Tak semudah membalikkan telapak tangan untuk bisa menikmati hasil dari sumur minyak tua. Membutuhkan kesabaran dan ketelatenan dalam mengerjakannya. Tak cukup itu saja, juga butuh waktu lama dan biaya besar untuk memamanen produksi sumur peninggalan zaman penjajahan Belanda tersebut.

RATUSAN titik sumur minyak tua yang tersebar dilapangan Ledok, Kecamatan Sambong, Kabupaten Blora, Jawa Tengah, menjadi harta karun besar bagi masyarakat sekitar. Bermodal alat sederhana, para penambang mencari titik peninggalan orang tua terdahulu untuk digali yang kemudian dilakukan penambangan.

Seorang penambang sumur tua Ledok, Tarmadi (53), mengungkapkan, perkembangan zaman yang semakin modrn, mampu merubah cara dalam melakukan penambangan. Mulai dari semula menggunakan alat manual berubah dengan menggunakan mesin.

“Saya ikut bekerja di sumur tua sejak tahun 2000. Saat itu, semua peralatan masih manual. Bahkan untuk menarik timba, masih menggunakan tenaga manusia. Tidak mengugunakan mesin seperti saat ini,” kata Tarmadi (53) saat membuka kisah tentang penambangan sumur tua kepada suarabanyuurip.com.

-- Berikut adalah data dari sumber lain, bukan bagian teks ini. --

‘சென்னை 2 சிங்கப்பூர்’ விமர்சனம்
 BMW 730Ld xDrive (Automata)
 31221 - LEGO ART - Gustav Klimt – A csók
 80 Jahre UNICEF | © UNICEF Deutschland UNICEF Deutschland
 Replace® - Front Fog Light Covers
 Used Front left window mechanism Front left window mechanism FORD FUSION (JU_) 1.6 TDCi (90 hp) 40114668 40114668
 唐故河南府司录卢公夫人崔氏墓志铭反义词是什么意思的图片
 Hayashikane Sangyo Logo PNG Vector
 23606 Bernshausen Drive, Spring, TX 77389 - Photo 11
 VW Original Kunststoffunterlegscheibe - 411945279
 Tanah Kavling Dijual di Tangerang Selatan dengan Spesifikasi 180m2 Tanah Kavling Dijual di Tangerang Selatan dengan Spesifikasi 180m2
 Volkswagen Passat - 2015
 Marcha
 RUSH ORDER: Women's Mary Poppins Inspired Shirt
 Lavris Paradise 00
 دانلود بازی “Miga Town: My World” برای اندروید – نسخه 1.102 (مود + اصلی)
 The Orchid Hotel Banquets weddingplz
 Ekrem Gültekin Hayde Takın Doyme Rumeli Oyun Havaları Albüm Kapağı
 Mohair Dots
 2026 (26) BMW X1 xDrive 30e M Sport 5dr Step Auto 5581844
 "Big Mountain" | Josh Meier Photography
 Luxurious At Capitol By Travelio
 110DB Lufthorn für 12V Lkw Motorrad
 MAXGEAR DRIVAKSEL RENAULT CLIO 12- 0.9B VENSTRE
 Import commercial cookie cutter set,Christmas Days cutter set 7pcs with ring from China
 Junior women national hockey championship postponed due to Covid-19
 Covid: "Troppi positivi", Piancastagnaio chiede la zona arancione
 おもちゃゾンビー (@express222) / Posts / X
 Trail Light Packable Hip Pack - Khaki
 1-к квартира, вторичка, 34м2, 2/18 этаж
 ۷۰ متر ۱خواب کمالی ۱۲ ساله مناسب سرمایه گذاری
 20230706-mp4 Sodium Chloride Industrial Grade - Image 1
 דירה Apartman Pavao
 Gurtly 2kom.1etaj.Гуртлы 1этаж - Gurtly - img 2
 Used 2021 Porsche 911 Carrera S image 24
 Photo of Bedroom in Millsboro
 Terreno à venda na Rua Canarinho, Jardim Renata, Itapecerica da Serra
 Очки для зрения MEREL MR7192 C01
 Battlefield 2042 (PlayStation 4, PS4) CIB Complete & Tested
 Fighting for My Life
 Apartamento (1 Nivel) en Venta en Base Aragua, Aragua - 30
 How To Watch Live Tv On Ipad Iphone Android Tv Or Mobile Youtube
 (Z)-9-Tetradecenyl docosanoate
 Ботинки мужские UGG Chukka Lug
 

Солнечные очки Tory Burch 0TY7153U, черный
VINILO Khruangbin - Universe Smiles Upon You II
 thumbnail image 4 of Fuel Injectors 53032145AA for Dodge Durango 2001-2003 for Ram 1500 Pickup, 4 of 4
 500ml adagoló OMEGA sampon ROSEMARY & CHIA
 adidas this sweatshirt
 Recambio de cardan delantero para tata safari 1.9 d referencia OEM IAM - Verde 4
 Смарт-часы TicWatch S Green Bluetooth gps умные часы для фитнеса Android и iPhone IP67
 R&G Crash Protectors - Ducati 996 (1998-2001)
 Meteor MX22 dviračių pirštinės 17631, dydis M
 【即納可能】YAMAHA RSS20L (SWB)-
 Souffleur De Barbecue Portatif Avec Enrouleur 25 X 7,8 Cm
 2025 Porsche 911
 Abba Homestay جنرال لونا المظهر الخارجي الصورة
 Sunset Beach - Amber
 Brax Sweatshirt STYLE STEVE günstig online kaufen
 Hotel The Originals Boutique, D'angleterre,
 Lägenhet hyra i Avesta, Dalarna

Tarmadi, menceritakan, kala tahun 2000 belum banyak kelompok penambang seperti saat ini. Saat itu hanya kisaran 17 sampai 20 kelompok. Masing-masing kelompok beranggotakan 20 sampai 25 orang saja.

“Kalau sekarang sudah sekira 40 kelompok,” kata Pria yang juga ketua kelompok penambang sekaligus penasihat Paguyuban sumur tua, Sumur Agung Desa Ledok, Kecamatan Sambong ini.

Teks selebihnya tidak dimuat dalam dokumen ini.